Impact
A time‑of‑check to time‑of‑use race exists between two passes over the block group RAID type lists in the function btrfs_ioctl_space_info. The first pass counts entries to size the buffer; after releasing the groups_sem rwlock, a concurrent block group removal can decrease the count. The second pass then copies fewer entries than were counted. As a result, copy_to_user copies the full allocated size, including trailing uninitialized kmalloc bytes, to user space, leaking kernel data. This flaw can expose sensitive data and provide an attacker with kernel memory contents, potentially facilitating further exploitation. The weakness is a race condition leading to an information‑leak vulnerability.
Affected Systems
The vulnerability affects the Linux kernel’s Btrfs filesystem implementation on all distributions that ship the kernel and enable the Btrfs module.

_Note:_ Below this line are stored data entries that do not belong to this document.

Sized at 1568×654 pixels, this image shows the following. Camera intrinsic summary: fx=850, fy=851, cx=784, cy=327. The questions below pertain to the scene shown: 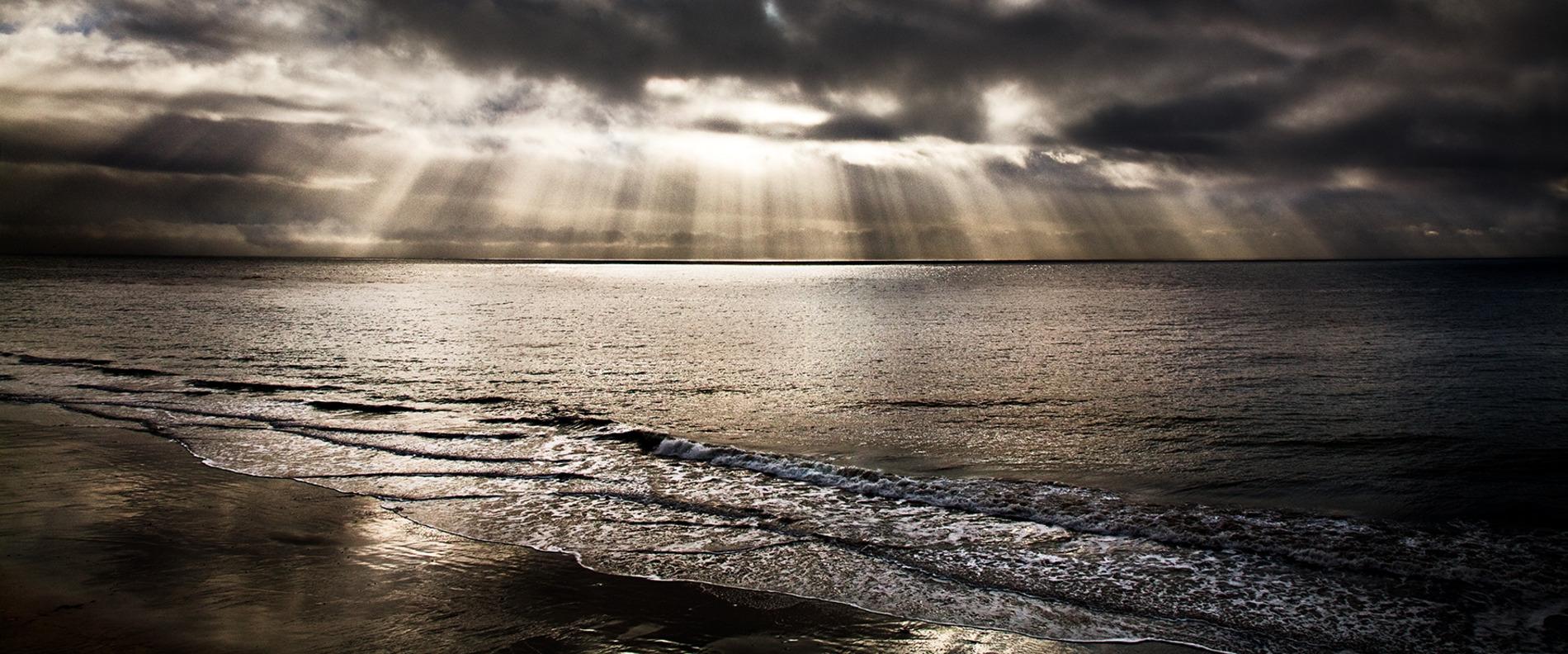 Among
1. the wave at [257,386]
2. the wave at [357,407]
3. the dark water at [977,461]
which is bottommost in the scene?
the wave at [257,386]

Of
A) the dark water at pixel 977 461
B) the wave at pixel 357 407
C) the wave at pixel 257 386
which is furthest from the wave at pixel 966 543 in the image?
the wave at pixel 257 386

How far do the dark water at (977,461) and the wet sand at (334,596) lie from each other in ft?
2.28

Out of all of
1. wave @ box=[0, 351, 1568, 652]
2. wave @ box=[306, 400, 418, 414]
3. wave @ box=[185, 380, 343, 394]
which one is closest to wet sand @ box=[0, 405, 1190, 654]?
wave @ box=[0, 351, 1568, 652]

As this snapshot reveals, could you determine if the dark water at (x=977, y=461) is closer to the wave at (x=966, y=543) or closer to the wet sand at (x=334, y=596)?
the wave at (x=966, y=543)

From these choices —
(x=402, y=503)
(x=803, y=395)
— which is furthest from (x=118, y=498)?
(x=803, y=395)

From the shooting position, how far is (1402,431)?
19.7 m

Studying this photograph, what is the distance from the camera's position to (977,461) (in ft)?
55.2

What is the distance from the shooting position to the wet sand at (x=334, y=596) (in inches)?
302

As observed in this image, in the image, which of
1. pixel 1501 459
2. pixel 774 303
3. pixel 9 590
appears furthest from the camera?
pixel 774 303

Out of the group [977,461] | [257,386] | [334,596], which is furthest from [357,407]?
[977,461]

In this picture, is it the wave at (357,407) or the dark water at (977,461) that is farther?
the wave at (357,407)

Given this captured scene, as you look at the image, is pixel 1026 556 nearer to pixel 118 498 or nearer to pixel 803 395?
pixel 118 498

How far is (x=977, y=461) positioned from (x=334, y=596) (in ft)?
38.4

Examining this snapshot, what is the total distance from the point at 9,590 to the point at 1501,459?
922 inches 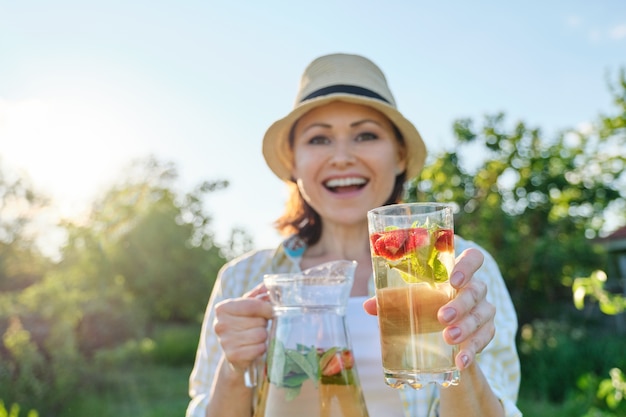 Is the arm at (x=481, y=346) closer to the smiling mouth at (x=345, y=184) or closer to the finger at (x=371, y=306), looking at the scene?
the finger at (x=371, y=306)

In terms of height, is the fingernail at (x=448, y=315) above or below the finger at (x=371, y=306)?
below

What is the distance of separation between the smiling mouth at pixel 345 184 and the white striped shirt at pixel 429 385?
1.29 feet

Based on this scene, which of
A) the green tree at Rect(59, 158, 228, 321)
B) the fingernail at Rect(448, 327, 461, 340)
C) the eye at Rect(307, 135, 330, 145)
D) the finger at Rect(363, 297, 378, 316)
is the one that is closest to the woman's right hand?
the finger at Rect(363, 297, 378, 316)

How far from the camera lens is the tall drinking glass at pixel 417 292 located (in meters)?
1.29

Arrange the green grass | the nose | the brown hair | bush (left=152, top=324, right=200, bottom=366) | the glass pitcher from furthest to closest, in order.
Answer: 1. bush (left=152, top=324, right=200, bottom=366)
2. the green grass
3. the brown hair
4. the nose
5. the glass pitcher

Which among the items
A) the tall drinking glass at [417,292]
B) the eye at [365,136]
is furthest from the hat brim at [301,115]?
the tall drinking glass at [417,292]

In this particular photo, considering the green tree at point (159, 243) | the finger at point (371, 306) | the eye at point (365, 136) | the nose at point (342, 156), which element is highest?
the green tree at point (159, 243)

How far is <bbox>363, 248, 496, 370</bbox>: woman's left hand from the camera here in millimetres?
1279

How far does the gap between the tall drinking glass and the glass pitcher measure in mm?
156

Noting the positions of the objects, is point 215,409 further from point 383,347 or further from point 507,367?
point 507,367

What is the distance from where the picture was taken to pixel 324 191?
2.34 m

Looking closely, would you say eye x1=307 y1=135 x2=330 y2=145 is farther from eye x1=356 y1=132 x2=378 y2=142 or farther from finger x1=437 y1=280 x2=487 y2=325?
finger x1=437 y1=280 x2=487 y2=325

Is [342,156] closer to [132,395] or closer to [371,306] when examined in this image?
[371,306]

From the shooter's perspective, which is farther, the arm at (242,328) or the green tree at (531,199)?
the green tree at (531,199) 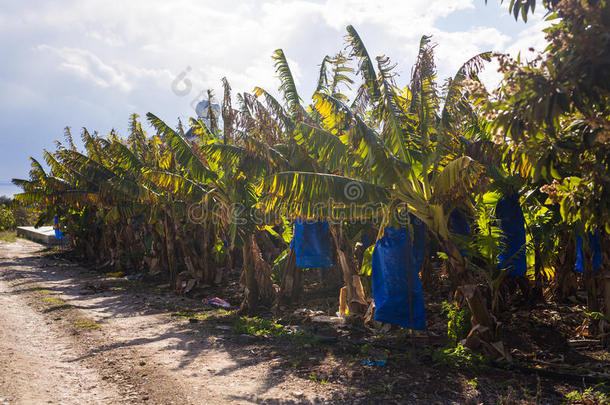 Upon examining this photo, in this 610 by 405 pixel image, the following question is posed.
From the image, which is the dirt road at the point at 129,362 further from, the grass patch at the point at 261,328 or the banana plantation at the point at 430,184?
the banana plantation at the point at 430,184

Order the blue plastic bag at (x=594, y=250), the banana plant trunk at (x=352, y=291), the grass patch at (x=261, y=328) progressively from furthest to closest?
the banana plant trunk at (x=352, y=291) → the grass patch at (x=261, y=328) → the blue plastic bag at (x=594, y=250)

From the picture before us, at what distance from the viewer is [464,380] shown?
5652mm

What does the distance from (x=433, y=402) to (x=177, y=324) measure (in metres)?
6.19

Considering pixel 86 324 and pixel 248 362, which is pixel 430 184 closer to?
pixel 248 362

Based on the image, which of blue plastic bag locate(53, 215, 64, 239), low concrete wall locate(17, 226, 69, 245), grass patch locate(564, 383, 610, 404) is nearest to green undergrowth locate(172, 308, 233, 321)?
grass patch locate(564, 383, 610, 404)

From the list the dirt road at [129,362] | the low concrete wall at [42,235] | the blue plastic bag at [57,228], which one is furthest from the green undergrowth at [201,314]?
the low concrete wall at [42,235]

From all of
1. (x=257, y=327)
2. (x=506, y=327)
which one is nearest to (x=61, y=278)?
(x=257, y=327)

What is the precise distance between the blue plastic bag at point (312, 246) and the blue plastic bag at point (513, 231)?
3812 mm

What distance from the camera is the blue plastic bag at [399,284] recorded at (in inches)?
269

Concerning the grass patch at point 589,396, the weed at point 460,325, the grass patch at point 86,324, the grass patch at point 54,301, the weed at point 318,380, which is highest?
the weed at point 460,325

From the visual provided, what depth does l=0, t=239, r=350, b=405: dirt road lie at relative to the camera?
5.21 meters

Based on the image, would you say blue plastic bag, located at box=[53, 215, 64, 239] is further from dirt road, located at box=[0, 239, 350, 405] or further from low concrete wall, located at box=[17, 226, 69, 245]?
dirt road, located at box=[0, 239, 350, 405]

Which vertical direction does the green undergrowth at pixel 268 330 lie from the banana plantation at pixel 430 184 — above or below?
below

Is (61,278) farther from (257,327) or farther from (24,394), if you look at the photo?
(24,394)
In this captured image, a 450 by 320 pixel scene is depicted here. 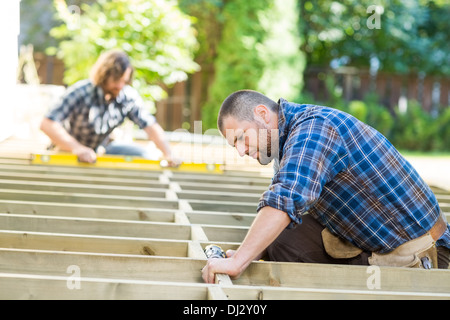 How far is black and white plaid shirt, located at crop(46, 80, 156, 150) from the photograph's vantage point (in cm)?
516

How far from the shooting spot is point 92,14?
938 centimetres

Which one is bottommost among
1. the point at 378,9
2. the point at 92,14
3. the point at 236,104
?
the point at 236,104

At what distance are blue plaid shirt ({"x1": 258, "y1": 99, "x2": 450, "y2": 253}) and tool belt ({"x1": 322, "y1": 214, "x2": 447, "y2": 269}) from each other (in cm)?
3

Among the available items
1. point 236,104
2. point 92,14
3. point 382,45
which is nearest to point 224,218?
point 236,104

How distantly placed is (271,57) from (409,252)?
9.75 m

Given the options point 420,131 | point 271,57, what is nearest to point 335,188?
point 271,57

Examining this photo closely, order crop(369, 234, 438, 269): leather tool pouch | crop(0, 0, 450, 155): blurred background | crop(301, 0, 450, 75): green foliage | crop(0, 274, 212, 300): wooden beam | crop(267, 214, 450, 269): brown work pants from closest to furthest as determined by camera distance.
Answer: crop(0, 274, 212, 300): wooden beam
crop(369, 234, 438, 269): leather tool pouch
crop(267, 214, 450, 269): brown work pants
crop(0, 0, 450, 155): blurred background
crop(301, 0, 450, 75): green foliage

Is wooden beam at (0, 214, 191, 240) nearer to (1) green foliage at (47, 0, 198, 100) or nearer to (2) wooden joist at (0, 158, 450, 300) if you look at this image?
(2) wooden joist at (0, 158, 450, 300)

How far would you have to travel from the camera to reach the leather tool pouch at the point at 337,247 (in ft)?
8.66

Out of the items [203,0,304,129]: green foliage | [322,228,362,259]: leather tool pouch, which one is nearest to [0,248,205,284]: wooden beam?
[322,228,362,259]: leather tool pouch

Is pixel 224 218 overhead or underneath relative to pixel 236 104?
underneath

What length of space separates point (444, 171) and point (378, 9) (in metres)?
5.80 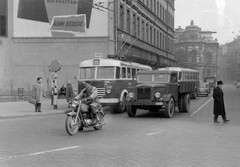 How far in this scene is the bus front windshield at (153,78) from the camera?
54.1 feet

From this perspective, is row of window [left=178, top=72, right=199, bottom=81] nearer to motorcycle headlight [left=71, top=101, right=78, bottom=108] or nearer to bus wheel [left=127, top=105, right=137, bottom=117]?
bus wheel [left=127, top=105, right=137, bottom=117]

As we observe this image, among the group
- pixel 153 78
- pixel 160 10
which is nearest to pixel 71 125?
pixel 153 78

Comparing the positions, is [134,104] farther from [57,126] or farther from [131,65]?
[131,65]

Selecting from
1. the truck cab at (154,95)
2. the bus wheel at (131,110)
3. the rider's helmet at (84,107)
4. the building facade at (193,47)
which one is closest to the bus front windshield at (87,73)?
the truck cab at (154,95)

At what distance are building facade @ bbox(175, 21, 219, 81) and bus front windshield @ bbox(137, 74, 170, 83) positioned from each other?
170ft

No specific kernel version is enumerated; the fix replaces the old logic in newer patches. The vendor affected is the Linux kernel itself, i.e. Linux:Linux.
Risk and Exploitability
Because the flaw is triggered by a user‑land ioctl call, a local user with access to Btrfs can exploit it. The race requires that a concurrent kernel block group removal occurs between the two passes, which is possible when many concurrent filesystem operations happen. The exploit does not require elevated privileges, but the data leaked may be useful for privilege escalation or bypassing kernel mitigations. No CVSS score is provided. EPSS data are not available, and the vulnerability is not listed in the CISA KEV catalog, so the risk should be assessed as potential local information disclosure with moderate likelihood, warranting immediate attention for systems running vulnerable kernels.